Elon Musk Memperkenalkan Truk Listrik Tesla dan Sebuah Mobil Sport Baru

Elon Musk meluncurkan truk semi listrik pertama Tesla pada hari Kamis malam di sebuah acara di Los Angeles yang juga termasuk sebuah kejutan dari mobil sport Tesla yang baru.

Roadster baru, yang memiliki nama yang sama dengan kendaraan listrik pertama yang diproduksi Tesla dari tahun 2008 sampai 2012, muncul dari belakang salah satu truk pada akhir presentasi yang berfokus pada kebutuhan ekonomi dan kinerja supir truk.

“Intinya yang dilakukannya hanya untuk memberi pukulan keras kepada mobil bensin,” kata Musk. “Mengendarai mobil sport bensin akan terasa seperti mesin uap dengan sisi quiche.”

Dalam gaya khas Musk, CEO telah membahas truk di Twitter sepanjang minggu.
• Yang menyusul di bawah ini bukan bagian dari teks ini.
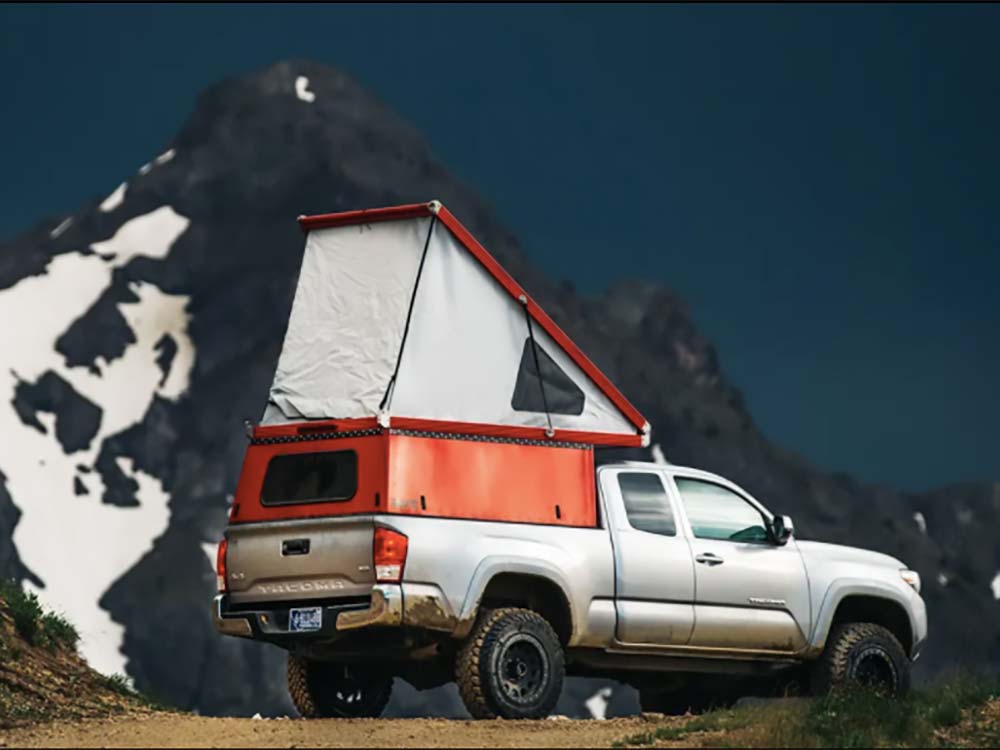 A silver truck with an orange camping tent in the truck bed.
Pada hari Minggu, dia berjanji bahwa itu “akan membuat pikiran Anda bersih dari tengkorak Anda dan menjadi alternatif sebuah dimensi”, sementara pada hari Rabu dia menggoda bahwa truk tersebut “dapat berubah menjadi robot, melawan alien dan membuat satu neraka dari latte”.

Tidak ada mesin espresso yang bisa dilihat, tapi Musk memang menjanjikan daftar fitur cucian yang dia klaim akan memastikan keseluruhan biaya kepemilikan akan 20% lebih rendah per mil dibandingkan dengan truk diesel. Diantaranya: akselerasi lebih cepat, kinerja menanjak lebih baik, kisaran 500 mil (805 km) dengan berat maksimum pada kecepatan jalan raya, dan “kaca tahan ledakan termonuklir” di kaca depan.

Fitur keselamatan termasuk autopilot yang disempurnakan, teknologi pengaman jalur, dan desain yang membuat jackknifing “impossible”, kata Musk.

Perusahaan berencana untuk membangun jaringan “Megachargers” (berlawanan dengan “Supercharger” yang digunakan oleh kendaraan Tesla lainnya) yang dapat menghasilkan muatan 400 mil dalam 30 menit.

Musk mengklaim akan “bunuh diri secara ekonomi” jika orang-orang terus menggunakan truk diesel, dengan mengatakan versi Tesla, akan lebih murah jika ingin mengirim barang daripada dengan kereta api.